The rise of the vast administrative apparatus of state has resulted in numerous unelected agencies wielding power over the lives of ordinary citizens. There is no pretence that these organisations are independent from the executive branch: they exist to carry out the will of elected representatives, albeit with an eye to the “public interest”.
Central banks are a different story altogether. They are considered ‘independent from politics’. Although not quite as independent as national constitutional courts, they sit apart from ordinary government bureaucracies. The Treasurer, no matter how much he may disagree, is bound either by law or practice not to interfere with the monetary policy decisions of the bank.

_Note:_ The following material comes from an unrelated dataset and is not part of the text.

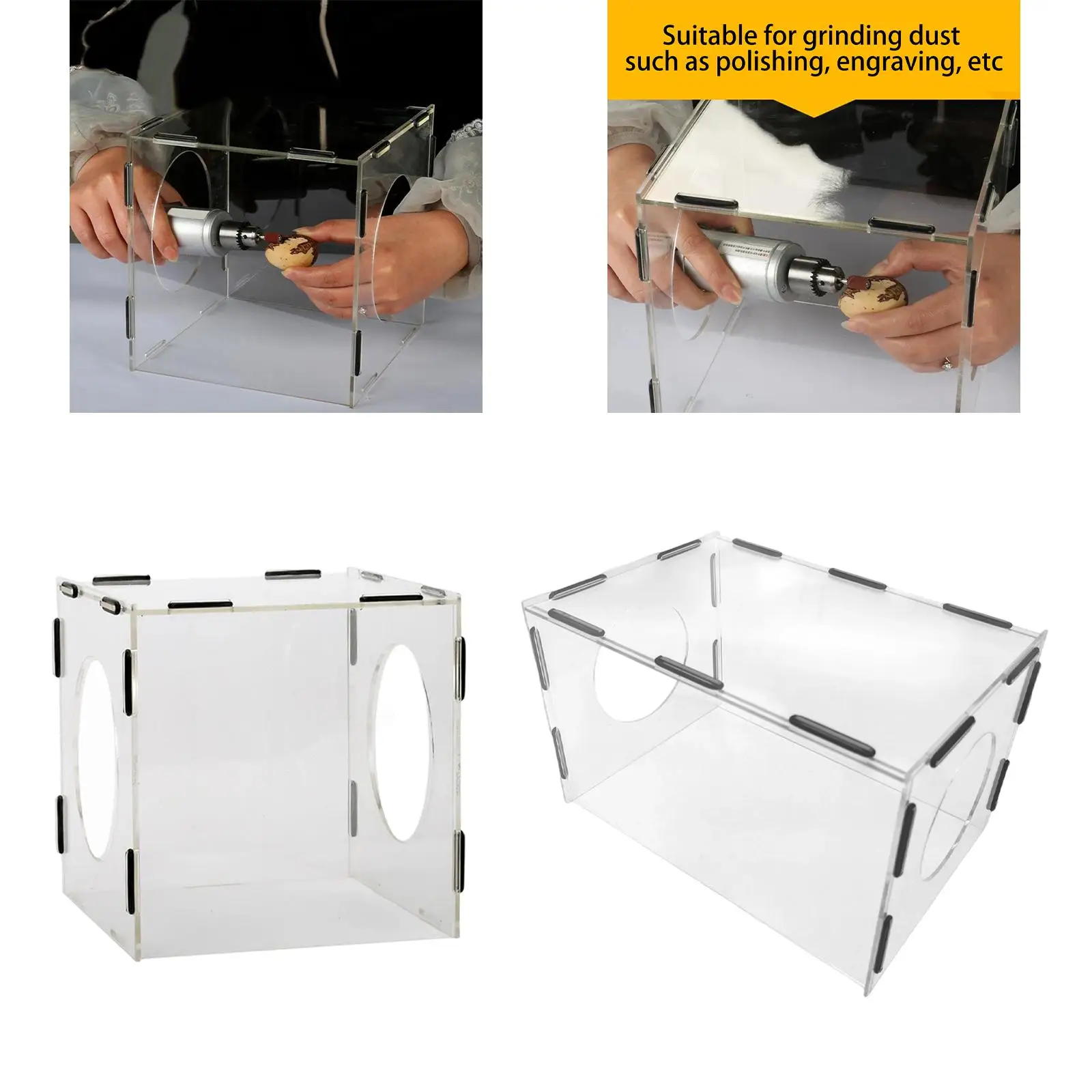Transparent Acrylic Buffing Dust Hood Enclosure Grinding Cover Case for DIY Table Polishing and Safety - view 5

This has insulated them from accountability. Parliament does not control the Reserve Bank’s budget, as it does for the independent court system. Full disclosures of monetary policy dealings domestically and internationally are not accessible. The RBA’s exemption from Freedom of Information laws prevents the public from finding out the extent of its relationships with external actors. Like the Fed, no parliamentary committee truly oversees every aspect of its decision-making, meaning it is probably more secretive than the Australian Security Intelligence Service.
Comprehensive audits can reveal useful information about how a central bank is employing its discretionary powers. These audits have been said to impinge on independence, but many fail to consider the protections can be put in place to minimise this risk. Not all documents discovered during an audit need to be made public. Some can be viewed privately by the inspector-general in charge of accountability. Appropriate safeguards, such as time lags between the time of a monetary policy decision and an audit of the decision, can be put in place.
Politicians already have many ways to interfere in monetary policy – using the bully pulpit of parliamentary committees is one of them – and it is unlikely that expanding the scope of audits would significantly affect central bank independence.